### What the task asks
Every line of the data should be written out exactly, with the pictures left out.

### Dataset extract
*** Begin section ***
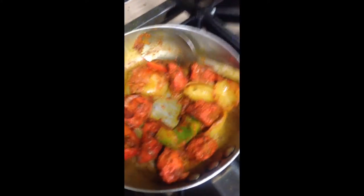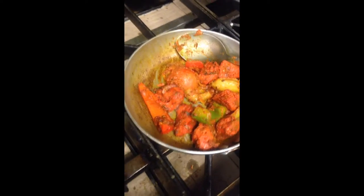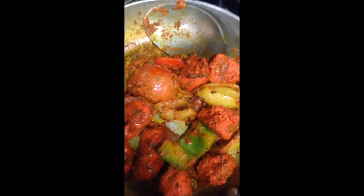Cooking chicken shashlik balti — chicken tikka with peppers and tomatoes, in a very thick sauce in a balti style.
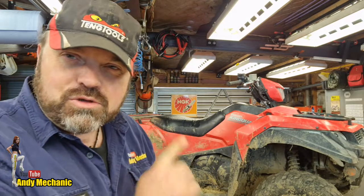Welcome back to the Andy Mechanic YouTube channel. We've got a Suzuki King Quad 500 here on the hoist that's come in for a service and some repair to the front end. It's had some collision damage and it's bent the bracket that holds the front left-hand headlight — that's all been pushed back in. I've got all that to fix as well, and of course it needs some new tires.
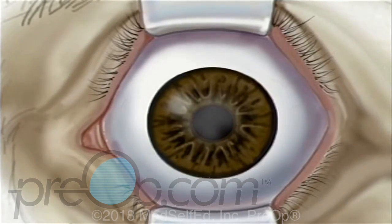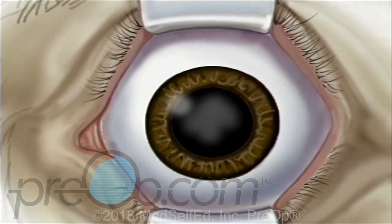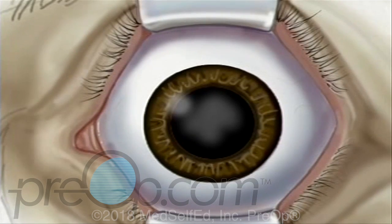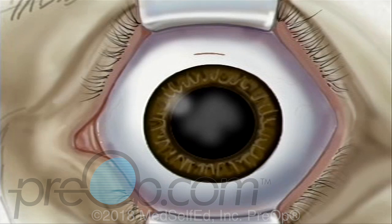By now, the pupil will be fully open or dilated. When the operative field is numb, the surgeon will use the microscope to help make a very small incision, just three millimeters above the iris. The lens is located just behind the iris, contained in the elastic capsule.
*** End section ***
### Answer below
Cooking chicken shashlik balti — chicken tikka with peppers and tomatoes, in a very thick sauce in a balti style.
Welcome back to the Andy Mechanic YouTube channel. We've got a Suzuki King Quad 500 here on the hoist that's come in for a service and some repair to the front end. It's had some collision damage and it's bent the bracket that holds the front left-hand headlight — that's all been pushed back in. I've got all that to fix as well, and of course it needs some new tires.
By now, the pupil will be fully open or dilated. When the operative field is numb, the surgeon will use the microscope to help make a very small incision, just three millimeters above the iris. The lens is located just behind the iris, contained in the elastic capsule.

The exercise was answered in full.